“This is the worst experience I've ever had in my life,” said Youssef Zalal. “The worst.”
Considering Zalal moved from Morocco to the United States as a teenager, had to learn a new way of life, and then became a professional prizefighter, “this” has to be pretty bad. Of course, the assumption is that he’s referring to his current two-fight losing streak, but nah, Zalal and his wife, Kat, are just going through the house buying process.
“I'm talking to my accountant every day, I'm talking to the lender, this, that, it's insane,” said Zalal, who, at the time of this interview, was ready to close and then head to Las Vegas, where he will look to snap that losing streak against Sean Woodson this Saturday.
“It's been a helluva crazy start to the year,” said the 24-year-old, who has come a long way in a short time, not just in MMA, but in life. “I'm closing on my house and I see all these dreams I had as a kid. And I told this to my wife: I want to get a house at a young age, and all this and that, and to see it happening, it takes a lot of stress off, but it's been hectic.”
At least there’s the 15 minutes or less in the Octagon, where Zalal has peace and a singular purpose without having to worry about mowing the lawn in his new house, mortgage payments or any of that fun stuff.
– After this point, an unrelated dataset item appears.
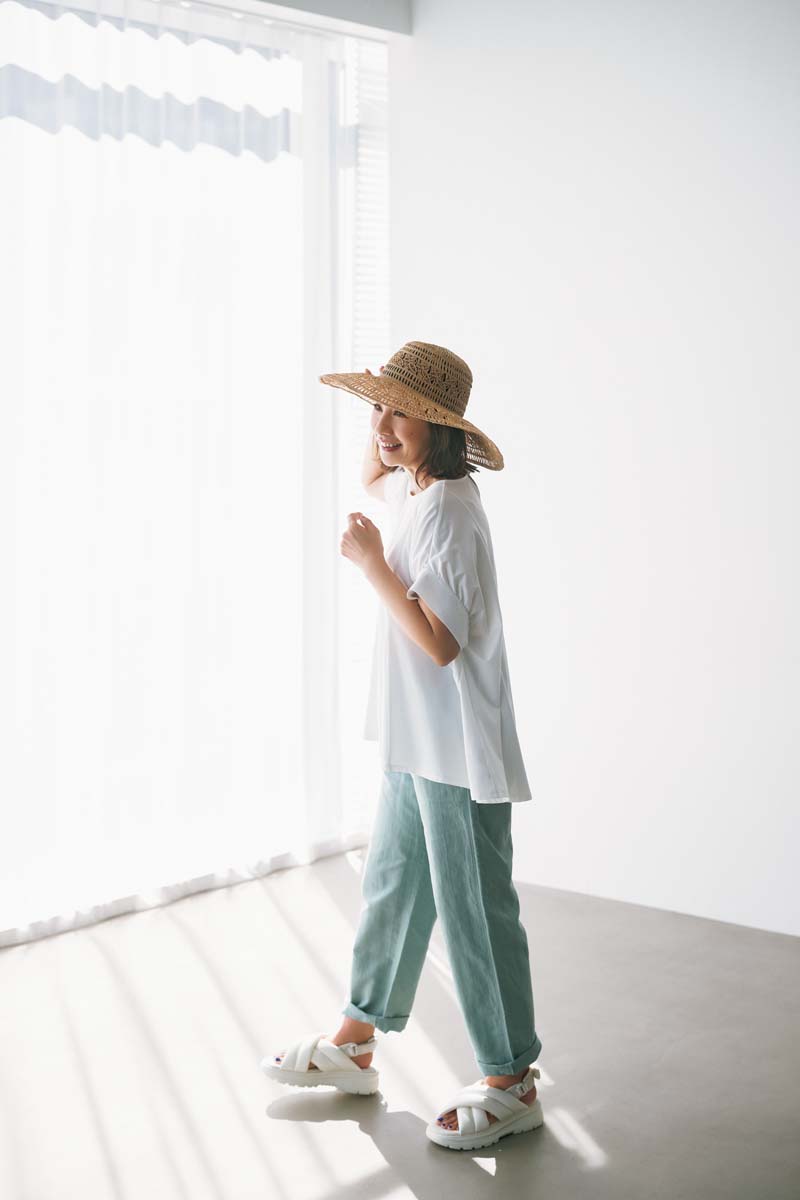 カットソー¥6,990／アンフィーロ（オンワード樫山）、パンツ¥7,800／モンベル（モンベル・カスタマー・サービス）、帽子¥15,400／アトリエブルージュ、靴¥2,990／ジーユー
That purpose includes a renewed focus on the fight itself, something he admits he lost track of in losses to Ilia Topuria and SeungWoo Choi that followed a 3-0 start to his UFC career.
“To be honest, I got comfortable in the last two fights,” he said. “Very comfortable. Too comfortable. Which is very bad. But it's not an excuse or anything. For me to get all this hype and hearing my family go, ‘Oh, you're the UFC guy, the hot shot,’ I kind of fell into that and stopped focusing on what really matters, which is me and what I do, not what everybody else's opinion is.”
The losses put Zalal’s pro record at 10-4, and while he wasn’t stopped or blown out by his opponents, he didn’t fight with the same fire that placed him among the top prospects in the featherweight division. And Kat noticed it first.
“After the last fight, my wife was like, 'Hey, can you try this sports psychologist for me?'” Zalal recalled. “I was like, ‘I'm from Africa, what the hell's a sports psychologist?’”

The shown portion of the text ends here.